**TASK:** Skip the pictures and copy all the data that follows exactly.

**DATA PROVIDED:**

****

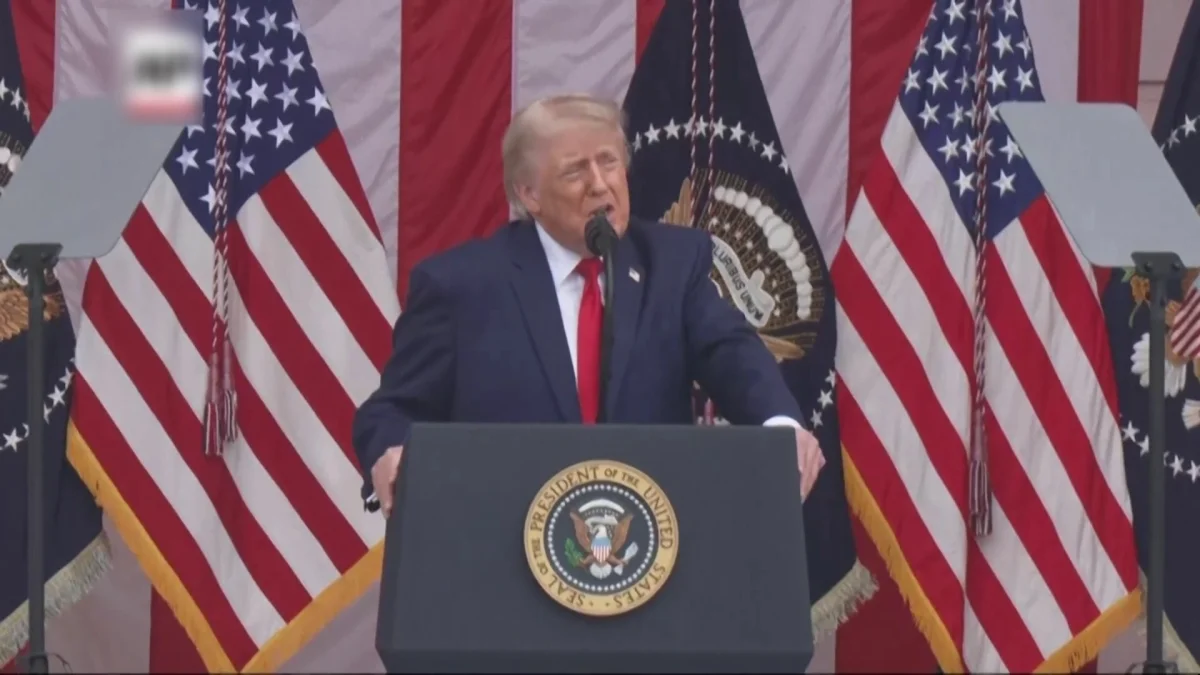 Трамп: «Иран билігінің жандарын жаһаннамға жібермей, тыныш таппаймын»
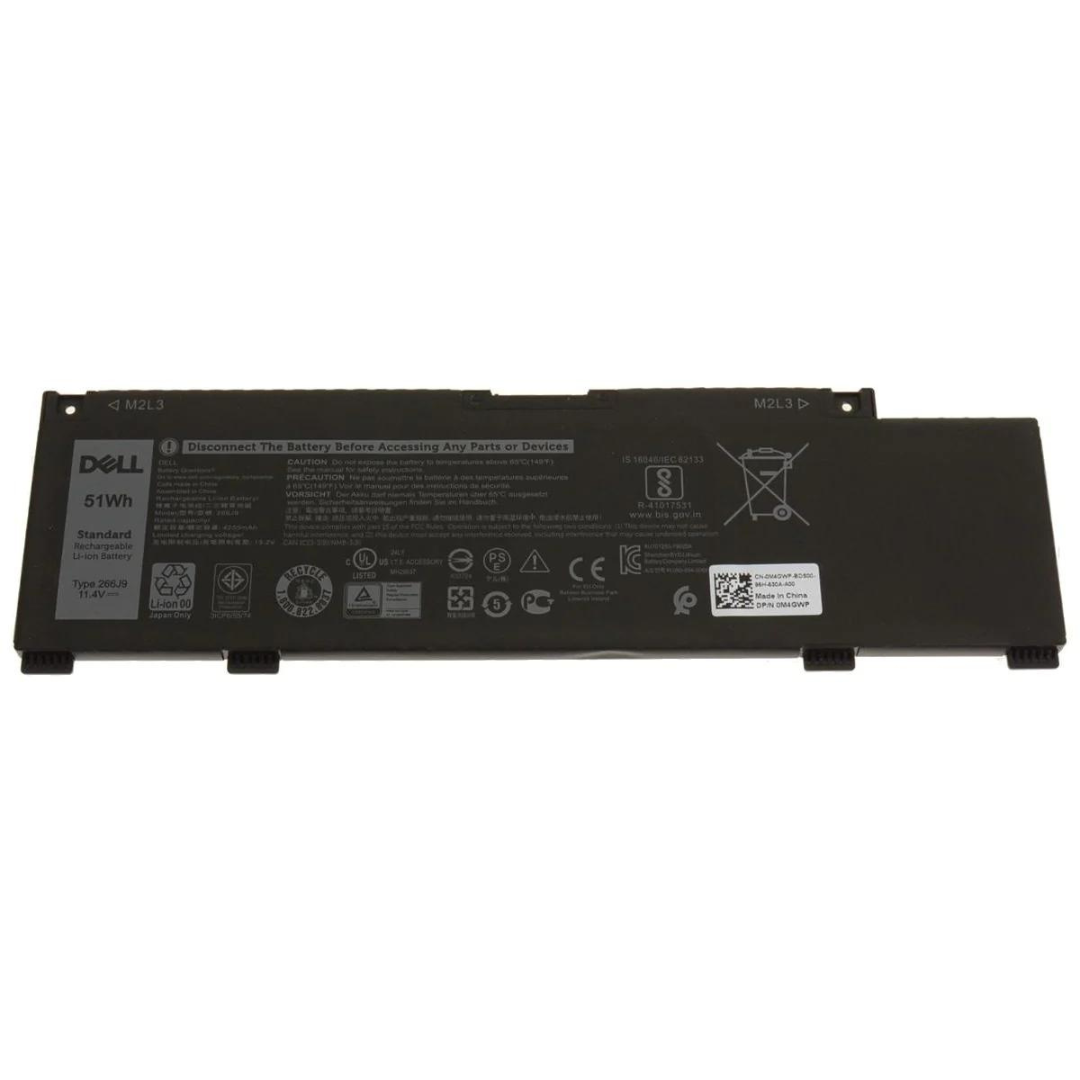Dell 266J9 0415CG battery 51Wh4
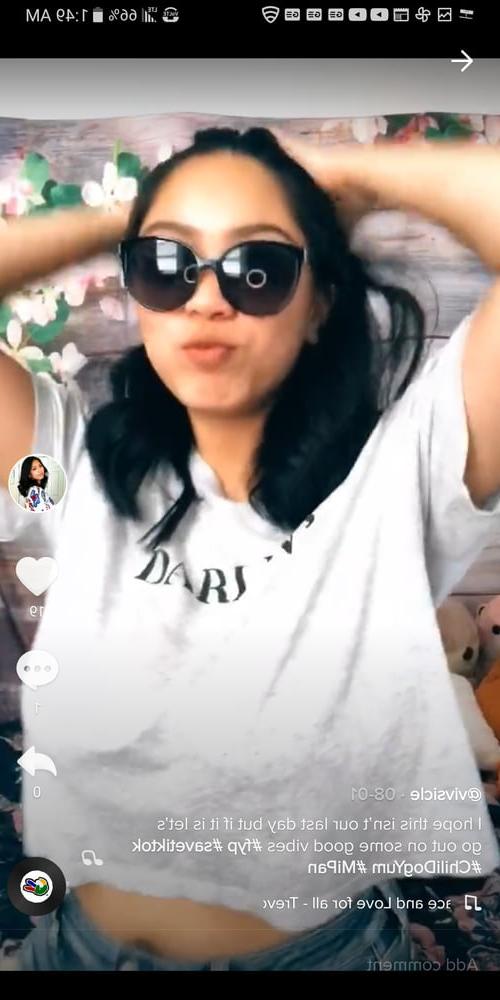 25P Tik Tok Female: HUGE TITS VIETNAMESE AMERICAN GIRL!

****

**WORKED SOLUTION:**
 Трамп: «Иран билігінің жандарын жаһаннамға жібермей, тыныш таппаймын»
Dell 266J9 0415CG battery 51Wh4
 25P Tik Tok Female: HUGE TITS VIETNAMESE AMERICAN GIRL!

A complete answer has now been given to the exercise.